Rabies is a very serious and fatal virus that affects the central nervous system of an animal or human. Although any warm-blooded mammal can contract the rabies virus, it is most commonly found in wild animals such as coyotes, foxes, raccoons, skunks, and bats. The virus is spread through the saliva of an infected animal during the final stage of the disease.
There are two forms of rabies: paralytic (dumb) and furious. The “dumb” form of rabies is characterized by weakness and loss of coordination, followed by paralysis. “Furious” rabies is characterized by extreme behavioral changes including aggression and attack behavior. Both forms are fast-moving and if not addressed before the symptoms have begun, prognosis is very, very grave. Other symptoms include: fever, seizures, dropped jaw, inability to swallow, change in tone of bark, excessive salivation or frothy saliva, muscular lack of coordination, and unusual shyness or aggression. However, many of these signs can also be indicative of other diseases, so although you should proceed with caution, you also need to consider other possibilities.
If you suspect your pet has been exposed to rabies, call your veterinarian immediately. If it is safe to do so, lock your pet in a kennel or other small space by themselves. If you feel you are at risk of getting bit or scratched, contact animal control to catch your pet for you. Do NOT put yourself at risk.
If an animal is up-to-date on vaccines, they will be given an additional dose and then quarantined according to local laws or regulations. An unvaccinated animal that has been exposed to rabies may be quarantined for up to six months, according to local laws and regulations. Unfortunately, the only way to affirmatively diagnose rabies in an animal is through a post-mortem direct fluorescence antibody test performed by an approved laboratory. This test can only be performed after the animal has died or been euthanized.
Although absolutely possible, very few people die from rabies each year. This is due, in part, to the widespread awareness of the disease.
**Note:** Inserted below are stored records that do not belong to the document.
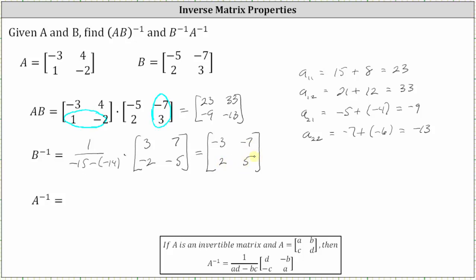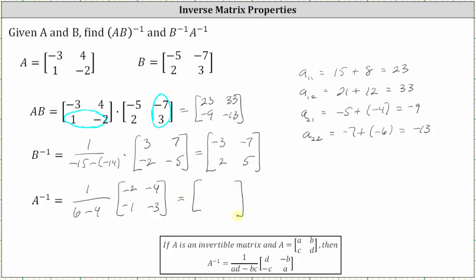Now let's find A inverse. We have one over negative three times negative two, which is positive six, minus four times one, which gives us minus four. Then times the two by two matrix, where we change the position of the elements along the main diagonal. So we have negative two in row one, column one, and negative three in row two, column two. And we change the sign of the remaining elements: negative four in row one, column two, and negative one in row two, column one. Notice the fraction simplifies to one half. So one half times negative two is negative one, one half times negative four is negative two, one half times negative one is negative one half, and one half times negative three is negative three halves.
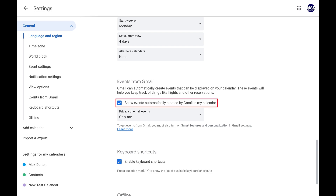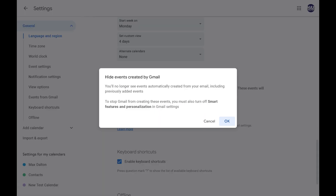Step 4. Click to remove the check mark from the "Show events automatically created by Gmail in My Calendar" option. A window pops up letting you know that you'll no longer see events automatically created from your Gmail in this calendar. Step 5. Click OK.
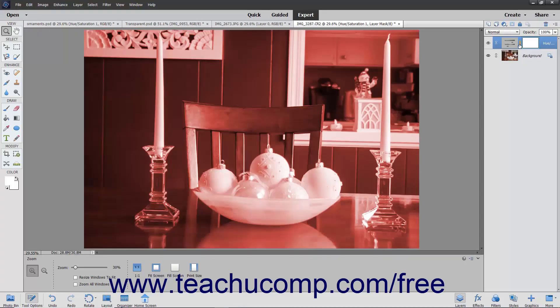When you add an adjustment layer or a fill layer to an image, note that the layers are added along with a linked layer mask. The layer mask appears to the right of the fill or adjustment layer within the Layers panel. A chain link icon appears between the layer and the layer mask to let you know that they are linked together.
Precautions that humans should take include:
- Do not approach or handle wild animals.
- Vaccinate your pets and if possible, any free-roaming cats under your care.
- If you see a typically nocturnal animal out in the daylight behaving unusually, contact your local animal control - do NOT approach it yourself.
- If anyone or anything is bitten or scratched by a wild animal, get medical advice from a doctor or veterinarian immediately.
- Scrub any bite wound aggressively, then go to your doctor or vet immediately.
- If you find a bat in the room where someone was sleeping, especially a child, contact your doctor, health department, or the CDC immediately; it is suspected that the bites of tiny bat teeth may be often overlooked.
Research shows that the disease tends to be more common in different species in different places, but is certainly not limited to those trends. No matter where you live, your pet should be vaccinated for rabies and you should be aware of all the signs and symptoms. Protect yourself, your family, and your pets!